Monday, July 28, 2008

I Got My Ears Cleaned

It was my first encounter with Canada's socialized healthcare system.

The wait wasn't too bad and the care wasn't too sloppy. I had maybe ten minutes in the waiting room, a few minutes waiting for the doctor, then some more for the nurse, and then more for the doctor again because my clogged ear is inflamed. We decided it wasn't worth worrying about and then he left.

When I got home I had to finish cleaning my non-plugged ear because the nurse didn't and I was lopsided again. (That wax plug was enormous.
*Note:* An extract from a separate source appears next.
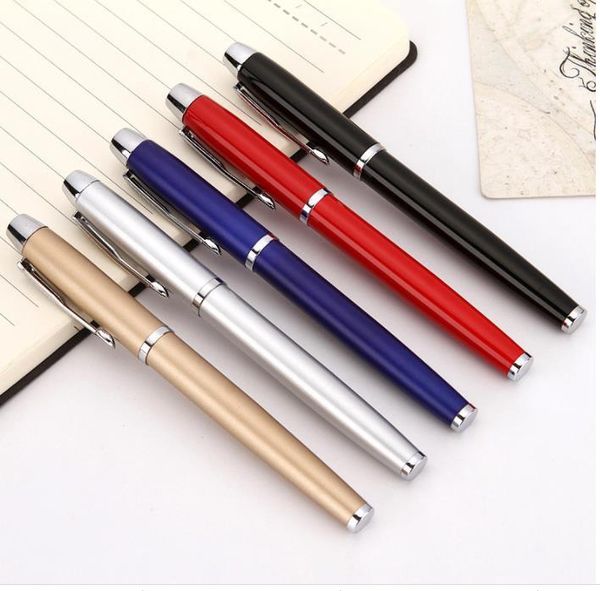 

gift im red lacquerred arrow clip 0.5mm nib roller ball pen, Blue;orange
Sadly she wouldn't let me inspect it. "I need to look in your ear now." "Sorry.")

Unfortunately, I have found that I feel uncomfortable receiving services without paying for them. When the doctor left I instinctively attempted to find a person to pay.

Still, I've mostly cleared my right leaning/an-cap bias and now I can see the point of socializing things: it turns an economic transaction into a more social transaction. I feel goodwill for the doctor and nurse as if we were friends now. He has provided for me, and I am willing to provide for him in turn.

Except, of course, I can't. It goes deeper of course, and there are more solid justifications for socializing things, but that's all I'm going to write down for now.

On the downside my hearing is way too good and everything has an edge of pain on it now, even typing. On the upside I had become deaf to certain frequencies and now I get pleasantly startled when I hear them again. My hearing has become very sensitive and the information bandwidth has increased by a subjective factor of two. For instance I am basically echolocating S sounds at the moment. In short, my experience has suddenly become much richer.

2 comments:

H.C said...

I think it is in the economical interest of a country to have a healthy work force. Disease costs more than prevention. Unproductive citizens pay less taxes.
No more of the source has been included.